A Presentation by Lee Schermerhorn
The Linux 2.6 kernels continue to evolve their support for
NUMA platforms. Mechanisms and interfaces now [~2.6.16 and
later] support "NUMA friendly" placement of kernel and user
data, both automatically and under explict kernel subsystem
and/or application control, and kernel developers are
enhancing their subsystems to use these interfaces. As a
result, the kernel does a fairly good job of allocating memory
close to where it will be referenced--at least initially.
However, once automatic load balancing kicks in, all bets
are off. The scheduler takes no note of NUMA locality when
migrating tasks between nodes, other than fact that internode
load balancing takes place somewhat less frequently than
intranode balancing due to scheduling domain thresholds.

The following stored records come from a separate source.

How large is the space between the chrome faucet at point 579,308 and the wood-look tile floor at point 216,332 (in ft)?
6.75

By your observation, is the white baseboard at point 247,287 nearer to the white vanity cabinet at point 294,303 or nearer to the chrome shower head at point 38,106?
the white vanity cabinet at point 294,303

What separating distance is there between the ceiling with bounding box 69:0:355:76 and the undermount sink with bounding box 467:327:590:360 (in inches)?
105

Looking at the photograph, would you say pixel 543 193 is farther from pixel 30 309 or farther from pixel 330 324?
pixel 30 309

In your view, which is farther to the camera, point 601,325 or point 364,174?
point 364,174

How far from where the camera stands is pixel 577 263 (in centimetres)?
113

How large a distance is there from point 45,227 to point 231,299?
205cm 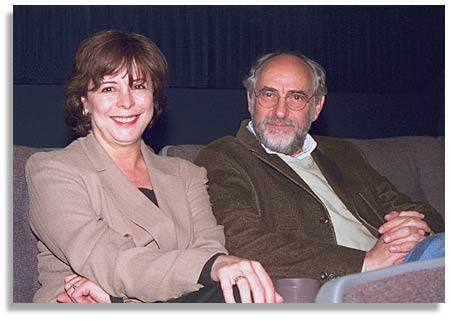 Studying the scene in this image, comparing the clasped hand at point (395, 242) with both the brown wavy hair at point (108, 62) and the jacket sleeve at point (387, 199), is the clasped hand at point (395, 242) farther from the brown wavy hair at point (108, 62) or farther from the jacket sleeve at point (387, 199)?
the brown wavy hair at point (108, 62)

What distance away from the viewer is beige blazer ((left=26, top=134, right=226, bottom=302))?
170 centimetres

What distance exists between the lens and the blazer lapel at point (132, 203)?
1904mm

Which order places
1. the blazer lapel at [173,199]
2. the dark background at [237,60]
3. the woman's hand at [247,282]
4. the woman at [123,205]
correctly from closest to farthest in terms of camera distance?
the woman's hand at [247,282] → the woman at [123,205] → the blazer lapel at [173,199] → the dark background at [237,60]

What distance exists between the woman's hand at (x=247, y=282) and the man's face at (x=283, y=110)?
874 mm

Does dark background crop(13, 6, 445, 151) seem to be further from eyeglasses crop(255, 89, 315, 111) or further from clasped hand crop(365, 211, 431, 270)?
clasped hand crop(365, 211, 431, 270)

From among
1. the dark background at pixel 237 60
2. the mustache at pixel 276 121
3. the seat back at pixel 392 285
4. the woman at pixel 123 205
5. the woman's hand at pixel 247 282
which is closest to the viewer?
the seat back at pixel 392 285

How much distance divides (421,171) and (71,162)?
4.79 feet

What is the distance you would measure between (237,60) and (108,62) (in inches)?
85.1

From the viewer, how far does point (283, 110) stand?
2480 millimetres

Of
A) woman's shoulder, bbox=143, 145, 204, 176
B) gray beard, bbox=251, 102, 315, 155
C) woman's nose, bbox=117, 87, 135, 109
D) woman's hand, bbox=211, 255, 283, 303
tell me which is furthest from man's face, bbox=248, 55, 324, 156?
woman's hand, bbox=211, 255, 283, 303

This paper will present two series of patches developed by
the author: "Migrate on Fault" and "Automatic Page Migration"
that, together, permit a task to pull pages local to itself
after being migrated to a new node. These patches build on
the direct migration mechanisms in recent upstream kernel
to support "lazy migration"--i.e., page are migrated in
the context of the referencing task in the fault path.
The "automatic migration" series of patches enhances the
scheduler to notify a task that it has been migrated to a
new node, so that it can arrange for lazy migration of the
pages that if references. Both "migrate on fault" and
"automatic migration" can be enabled/disabled on a per
The paper will present the results of running the
McAlpin Stream benchmark to show that enabling automatic
page migration results in overall increased bandwidth
of a NUMA platform by allowing the system to return to
a state of maximum locality after load perturbations.
This is the "hygiene" aspect of the mechanisms.
The paper will also present the results of other workloads
that show the cost/benefit of the patches when disabled
and when enabled.
I plan on presenting an overview of the current [2.6.16+]
direct migration support--depth will depending on time
available--and how these patches enhance and interact with
the current support. Design choices and rationale will
also be covered. Also, plan to address the types of
workloads that might benefit more from this approach.
Status of the patches:
I submitted the migrate on fault and automatic migration
patches to linux-mm in early '06. Because we currently
do not have workloads that demonstrate signficant improvement
[Streams benchmark is not considered a valid workload], there
is no interest in including the patches in the upstream kernel
[or even in -mm, apparently]. Still, I continue to maintain
and test the patches on upstream kernels [2.6.18-rc6-mm2, most
recently], often uncovering regressions in basic migration,
radix-tree, mm subsystems in the process.
Links to up-to-date copies of the patches will be provided.
[Current externally available patches are somewhat out of